Hyperthermophilic organisms require specific mechanisms inducing positive supercoiling to counteract the denaturing effect of their growth temperature (Valenti et al. 2011). Indeed, several lines of evidence suggest that DNA is more positive in (hyper)thermophilic archaea as compared with mesophiles: several plasmids from different hyperthermophilic strains were found in relaxed to positively supercoiled form (Forterre et al. 1996; Charbonnier and Forterre 1994). In addition, all hyperthermophiles invariably possess the DNA topoisomerase reverse gyrase, which is the only hyperthermophilic specific able to introduce positive supercoils in DNA (Brochier-Armanet and Forterre 2006). In addition to reverse gyrase, it is reported the presence in hyperthermophiles of DNA-binding proteins able to induce both positive and negative supercoiling (Napoli et al. 2001;Xue et al. 2000; Bell et al.2002).
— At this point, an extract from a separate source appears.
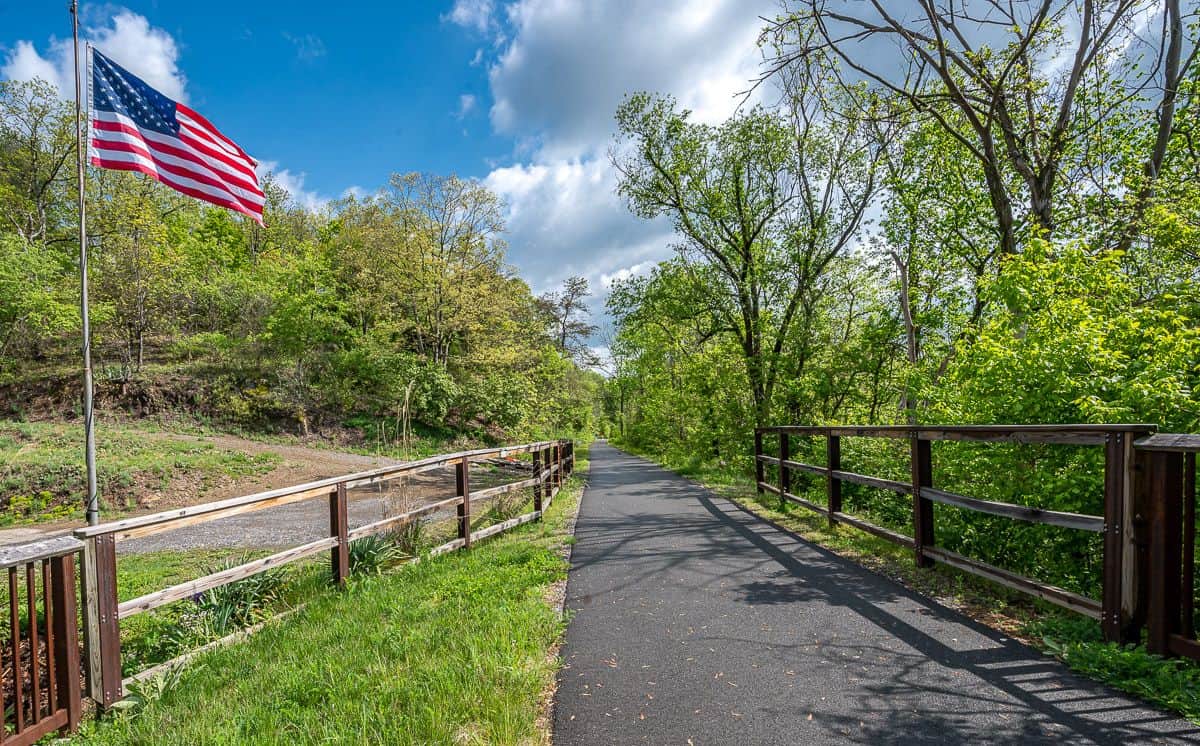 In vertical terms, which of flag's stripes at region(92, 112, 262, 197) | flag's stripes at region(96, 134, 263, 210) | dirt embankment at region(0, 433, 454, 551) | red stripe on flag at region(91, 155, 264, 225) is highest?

These evidences are bringing out a complex picture concerning the genome topology of these organisms. In addition, (hyper)thermophilic archaea belonging to the subdomain Euryarchaeota contain tetrameric eukaryoticlike histones, which wrap DNA into positive supercoils at high salt concentrations, but into negative supercoils in low salt conditions (Musgrave 1991, 2000).

In this context the possibility to perform AFM analyses on positively supercoiled DNA at the larger scales (several tens of kilo base pairs) can give elucidation on the complex genomic situation in hyperthermophiles and can highlight the link between the nanomechanical properties of nucleoprotein complexes and the protein regulatory function as already seen for negatively supercoiled DNA.